= Andy Grace =

Australian radio personality

Andy Grace (born 24 July 1970) is a commercial radio and television broadcaster and computer software developer.

Born in Melbourne, Australia, Grace started his career in 1995 on Fox FM in Melbourne, but became best known for the national Net@Nite IT and computer talkback radio show, networked to all the Today Network's Austereo network stations around Australia.
The show featured the country's first live web-streamed concert performances, game reviews, technology news and live computer tech support and advice in both audio and video.

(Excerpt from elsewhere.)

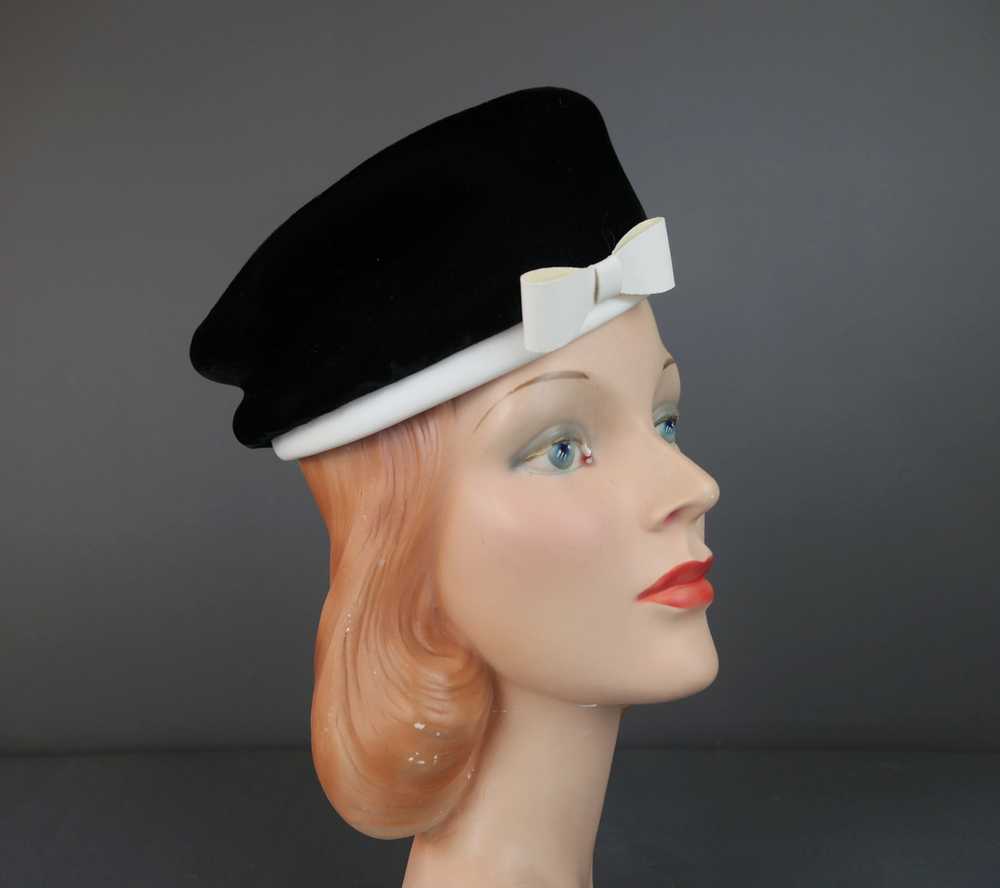 Vintage Black Velvet Hat with White Vinyl Trim & … - image 5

He was instrumental in producing and hosting the Telstra Concert of the Century Netcast in 1998, a nine-hour long production in both narrowband and near-broadcast quality video for cable modems – a world first, less than a year after their commercial launch.

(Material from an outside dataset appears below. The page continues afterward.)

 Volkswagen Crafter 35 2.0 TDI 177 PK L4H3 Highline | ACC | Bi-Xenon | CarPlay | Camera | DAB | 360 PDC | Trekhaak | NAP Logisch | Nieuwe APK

Grace then controversially moved to rival Melbourne station TTFM to present their night show, initially losing substantial audience share, but regaining it within twelve months and eventually achieving the number one ratings slot in the show's second year.

He then left Australia to host the national net2nite show across the United States and returned in 2002 to take up a position on Sydney's then newest radio station Nova 96.9. He rated number one in both afternoon and evening timeslots according to the commercial radio industry's Nielsen ratings system.

From 2005 until mid-2007 he joined Triple M as the station's floater, but left to take up the position of breakfast anchor for Mix 106.5 Sydney, joining Seven Network personalities Sonia Kruger and Todd McKenney in 2008.

In September 2009 the Sonia and Todd Breakfast show was axed, however Grace continued to present the breakfast show solo until the end of the year. From 2010 until 2012, Grace hosted The Andy Grace Night Show on WSFM and Gold 104.3.

In 2012, he reappeared on DMG's SmoothFM in Sydney and Melbourne, previously called 91.5 (Melbourne) and 95.3 (Sydney).

From 2012, Grace has been developing software to deliver mobile, broadcast-quality video over IP networks for online and news media companies, including The Sydney Morning Herald, The Age, Australian Associated Press and the New South Wales State Emergency Service.

In March 2017, Grace returned to the airwaves on the Nine Network for weekly guest appearances on Today Extra, again teaming up with his former radio co-host Sonia Kruger and David Campbell.

He is married to Eloise Grace , an actor, model, lawyer and former TV news reporter, and is father to three children.